⟨

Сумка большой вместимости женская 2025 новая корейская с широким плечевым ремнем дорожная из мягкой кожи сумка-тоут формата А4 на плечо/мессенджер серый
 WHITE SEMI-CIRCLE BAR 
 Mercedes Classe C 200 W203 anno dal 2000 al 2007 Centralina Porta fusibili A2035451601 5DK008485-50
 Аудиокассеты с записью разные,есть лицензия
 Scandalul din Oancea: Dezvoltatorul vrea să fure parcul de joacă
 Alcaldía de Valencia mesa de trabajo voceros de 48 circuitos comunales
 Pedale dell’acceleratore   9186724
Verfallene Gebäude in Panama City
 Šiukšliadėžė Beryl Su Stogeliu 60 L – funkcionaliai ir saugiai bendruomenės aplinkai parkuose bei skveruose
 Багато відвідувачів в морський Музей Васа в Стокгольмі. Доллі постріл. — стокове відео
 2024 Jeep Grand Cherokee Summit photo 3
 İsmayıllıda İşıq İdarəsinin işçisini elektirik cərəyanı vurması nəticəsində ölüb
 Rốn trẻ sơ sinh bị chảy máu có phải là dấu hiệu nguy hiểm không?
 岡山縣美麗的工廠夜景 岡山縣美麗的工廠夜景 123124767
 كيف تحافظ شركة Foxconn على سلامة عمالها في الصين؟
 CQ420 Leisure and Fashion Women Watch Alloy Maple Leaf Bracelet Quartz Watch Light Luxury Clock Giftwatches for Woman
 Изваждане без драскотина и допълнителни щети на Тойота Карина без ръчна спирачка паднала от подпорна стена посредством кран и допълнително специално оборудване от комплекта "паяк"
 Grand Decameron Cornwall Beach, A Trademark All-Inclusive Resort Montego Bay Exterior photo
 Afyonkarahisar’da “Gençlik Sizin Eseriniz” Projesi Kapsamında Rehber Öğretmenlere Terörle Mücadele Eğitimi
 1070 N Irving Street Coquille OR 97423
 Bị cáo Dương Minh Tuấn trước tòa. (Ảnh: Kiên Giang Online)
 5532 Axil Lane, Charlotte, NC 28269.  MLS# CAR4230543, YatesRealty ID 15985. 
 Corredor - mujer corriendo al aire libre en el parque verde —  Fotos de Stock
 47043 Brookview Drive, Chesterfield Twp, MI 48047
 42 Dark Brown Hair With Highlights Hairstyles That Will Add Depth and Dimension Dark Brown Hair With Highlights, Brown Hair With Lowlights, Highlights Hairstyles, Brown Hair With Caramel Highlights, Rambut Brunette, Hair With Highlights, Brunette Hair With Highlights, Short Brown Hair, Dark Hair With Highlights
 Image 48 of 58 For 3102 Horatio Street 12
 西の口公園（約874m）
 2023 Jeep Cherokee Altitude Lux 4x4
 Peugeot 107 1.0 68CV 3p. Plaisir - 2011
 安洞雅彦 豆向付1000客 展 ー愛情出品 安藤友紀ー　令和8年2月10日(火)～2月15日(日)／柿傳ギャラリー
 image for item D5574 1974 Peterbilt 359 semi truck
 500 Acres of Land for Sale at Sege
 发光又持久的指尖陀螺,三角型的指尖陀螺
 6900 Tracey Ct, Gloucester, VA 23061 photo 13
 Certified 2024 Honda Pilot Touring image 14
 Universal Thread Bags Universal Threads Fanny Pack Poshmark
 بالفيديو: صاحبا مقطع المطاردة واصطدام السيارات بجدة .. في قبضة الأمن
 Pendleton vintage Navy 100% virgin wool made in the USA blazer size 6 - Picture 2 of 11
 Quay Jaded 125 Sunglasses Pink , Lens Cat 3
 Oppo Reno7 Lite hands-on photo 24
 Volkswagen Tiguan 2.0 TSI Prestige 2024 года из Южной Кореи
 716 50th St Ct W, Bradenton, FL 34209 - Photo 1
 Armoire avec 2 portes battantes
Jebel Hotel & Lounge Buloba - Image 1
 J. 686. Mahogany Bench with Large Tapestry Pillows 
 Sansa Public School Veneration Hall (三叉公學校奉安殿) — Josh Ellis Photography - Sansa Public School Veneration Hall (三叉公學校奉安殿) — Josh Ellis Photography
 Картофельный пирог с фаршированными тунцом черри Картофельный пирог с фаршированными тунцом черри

⟩

Could you filter the material above and copy each line that holds the word "Cherokee"?

◆ **Task answer**:
 2024 Jeep Grand Cherokee Summit photo 3
 2023 Jeep Cherokee Altitude Lux 4x4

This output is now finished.